- Stored data:
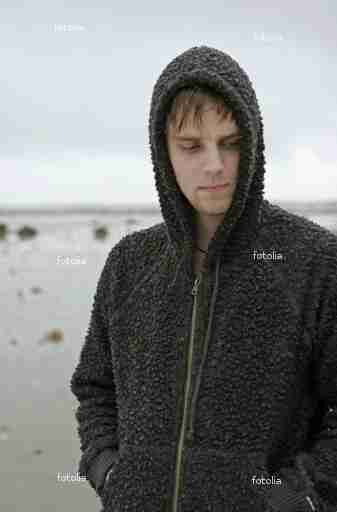 Hooded man at the beach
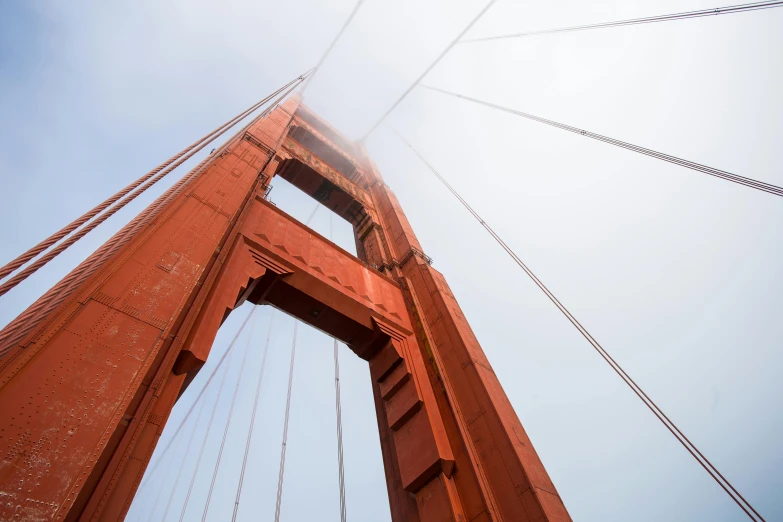 a view of the golden gate bridge from below, by Sven Erixson, unsplash, hypermodernism, slide show, low angle mist, rust, high - angle view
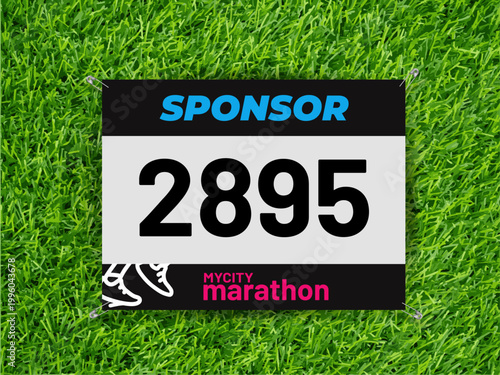 Fotografija Running race bib mockup with safety pins on grass texture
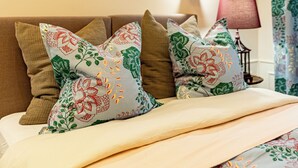 Cama bem arrumada com almofadas estampadas e colcha de cor clara. Há quadros emoldurados na parede acima da cama.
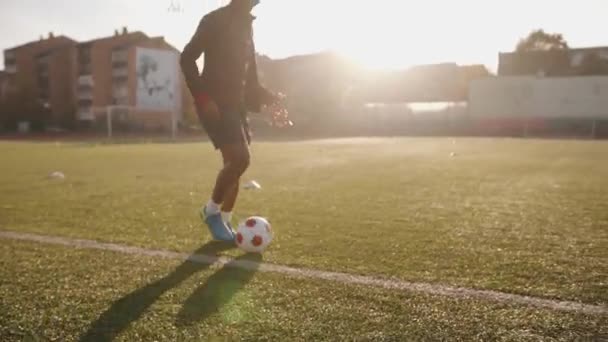 Uma jovem afro-americana atravessa o estádio com uma corda pulando na mão e praticando futebol driblando. Movimento lento — Vídeo de Stock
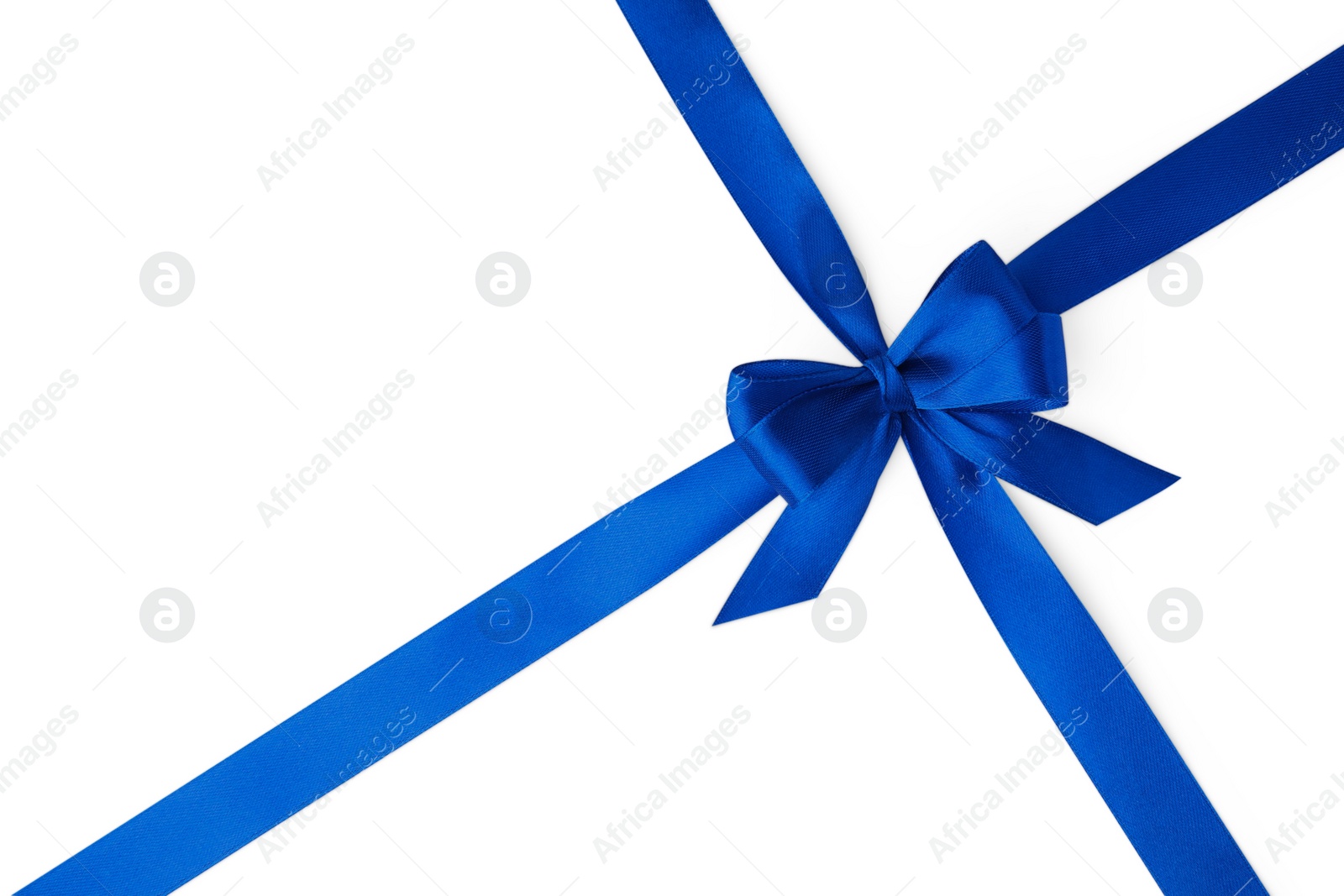 Photo of Blue satin ribbon with bow on white background, top view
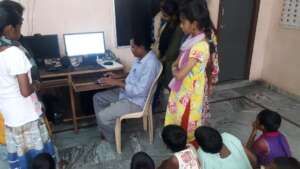 Orphan children learning computer skills in india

- What to do:
The response must restate exactly the lines from the one containing "Cama bem arrumada" through the end of the records above and must leave out all pictures.

- Expected answer:
 Cama bem arrumada com almofadas estampadas e colcha de cor clara. Há quadros emoldurados na parede acima da cama.
 Uma jovem afro-americana atravessa o estádio com uma corda pulando na mão e praticando futebol driblando. Movimento lento — Vídeo de Stock
 Photo of Blue satin ribbon with bow on white background, top view
 Orphan children learning computer skills in india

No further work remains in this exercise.